Short web captions:
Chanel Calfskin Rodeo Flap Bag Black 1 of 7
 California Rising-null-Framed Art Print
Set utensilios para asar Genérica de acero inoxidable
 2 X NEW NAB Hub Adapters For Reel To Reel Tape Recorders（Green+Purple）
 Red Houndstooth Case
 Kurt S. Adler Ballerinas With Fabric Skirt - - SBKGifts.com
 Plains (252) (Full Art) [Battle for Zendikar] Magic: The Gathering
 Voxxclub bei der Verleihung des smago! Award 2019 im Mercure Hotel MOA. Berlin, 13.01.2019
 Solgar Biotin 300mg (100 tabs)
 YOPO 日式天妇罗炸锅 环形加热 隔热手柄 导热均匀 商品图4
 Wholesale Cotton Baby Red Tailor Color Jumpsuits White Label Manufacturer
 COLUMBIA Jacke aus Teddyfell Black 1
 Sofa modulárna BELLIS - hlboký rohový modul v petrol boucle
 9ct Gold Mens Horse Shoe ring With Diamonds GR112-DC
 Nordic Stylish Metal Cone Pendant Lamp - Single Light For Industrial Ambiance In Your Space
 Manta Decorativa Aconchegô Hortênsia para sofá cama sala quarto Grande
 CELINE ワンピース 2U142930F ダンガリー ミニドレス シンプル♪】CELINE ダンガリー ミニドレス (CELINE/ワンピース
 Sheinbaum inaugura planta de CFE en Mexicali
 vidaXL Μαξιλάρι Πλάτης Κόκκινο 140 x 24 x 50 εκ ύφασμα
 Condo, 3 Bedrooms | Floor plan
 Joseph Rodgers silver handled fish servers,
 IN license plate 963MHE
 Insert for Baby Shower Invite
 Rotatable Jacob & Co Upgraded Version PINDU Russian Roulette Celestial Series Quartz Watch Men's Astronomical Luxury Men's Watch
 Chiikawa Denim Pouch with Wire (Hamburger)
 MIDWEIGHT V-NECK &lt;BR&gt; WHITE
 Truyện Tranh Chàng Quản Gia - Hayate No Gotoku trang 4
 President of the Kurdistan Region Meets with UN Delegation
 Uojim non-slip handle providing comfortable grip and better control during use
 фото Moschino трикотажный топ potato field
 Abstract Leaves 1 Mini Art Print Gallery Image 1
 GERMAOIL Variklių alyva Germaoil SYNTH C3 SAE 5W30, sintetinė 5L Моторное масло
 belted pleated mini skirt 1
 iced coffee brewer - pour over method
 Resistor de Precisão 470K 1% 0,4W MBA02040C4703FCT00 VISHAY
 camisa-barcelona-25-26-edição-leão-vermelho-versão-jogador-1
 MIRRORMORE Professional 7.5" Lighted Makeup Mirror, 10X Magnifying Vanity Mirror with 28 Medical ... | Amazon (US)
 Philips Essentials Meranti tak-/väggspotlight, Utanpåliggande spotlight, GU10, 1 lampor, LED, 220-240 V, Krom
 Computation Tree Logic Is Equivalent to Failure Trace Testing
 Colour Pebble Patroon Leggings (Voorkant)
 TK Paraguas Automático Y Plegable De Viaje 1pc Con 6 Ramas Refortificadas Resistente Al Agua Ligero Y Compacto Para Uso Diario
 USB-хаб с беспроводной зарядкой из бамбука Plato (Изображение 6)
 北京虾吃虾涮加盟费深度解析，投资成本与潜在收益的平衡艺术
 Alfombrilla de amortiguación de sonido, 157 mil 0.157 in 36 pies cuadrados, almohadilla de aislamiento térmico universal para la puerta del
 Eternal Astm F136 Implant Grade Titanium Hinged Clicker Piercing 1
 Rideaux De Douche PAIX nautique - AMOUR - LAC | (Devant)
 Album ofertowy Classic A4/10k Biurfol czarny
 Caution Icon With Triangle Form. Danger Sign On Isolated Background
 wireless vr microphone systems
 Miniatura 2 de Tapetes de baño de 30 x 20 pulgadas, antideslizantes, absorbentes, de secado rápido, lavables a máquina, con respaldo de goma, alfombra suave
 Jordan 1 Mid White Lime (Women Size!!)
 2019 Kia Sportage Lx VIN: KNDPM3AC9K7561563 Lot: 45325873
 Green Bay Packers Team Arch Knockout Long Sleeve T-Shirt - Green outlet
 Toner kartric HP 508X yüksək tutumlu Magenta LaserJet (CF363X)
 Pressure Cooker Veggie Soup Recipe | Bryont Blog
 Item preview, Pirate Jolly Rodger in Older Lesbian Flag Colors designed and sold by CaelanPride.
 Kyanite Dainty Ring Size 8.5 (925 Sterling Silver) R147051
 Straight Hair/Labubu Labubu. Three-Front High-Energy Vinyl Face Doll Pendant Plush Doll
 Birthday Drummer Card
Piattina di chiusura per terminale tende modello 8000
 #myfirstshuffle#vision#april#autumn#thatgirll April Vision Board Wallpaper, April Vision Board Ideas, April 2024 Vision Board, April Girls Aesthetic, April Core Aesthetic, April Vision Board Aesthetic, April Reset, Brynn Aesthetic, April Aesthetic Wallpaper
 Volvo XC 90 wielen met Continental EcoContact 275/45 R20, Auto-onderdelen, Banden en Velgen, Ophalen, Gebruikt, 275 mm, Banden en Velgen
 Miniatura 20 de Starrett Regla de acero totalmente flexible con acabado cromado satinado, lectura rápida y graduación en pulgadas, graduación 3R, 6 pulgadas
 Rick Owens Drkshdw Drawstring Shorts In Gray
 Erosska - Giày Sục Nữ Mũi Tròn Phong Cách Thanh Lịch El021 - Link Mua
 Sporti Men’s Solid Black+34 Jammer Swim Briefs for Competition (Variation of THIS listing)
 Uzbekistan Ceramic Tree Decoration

**Task goal**
Scan the entries above and show each line that contains the word "pulgadas".

**Reply to the exercise**
 Miniatura 2 de Tapetes de baño de 30 x 20 pulgadas, antideslizantes, absorbentes, de secado rápido, lavables a máquina, con respaldo de goma, alfombra suave
 Miniatura 20 de Starrett Regla de acero totalmente flexible con acabado cromado satinado, lectura rápida y graduación en pulgadas, graduación 3R, 6 pulgadas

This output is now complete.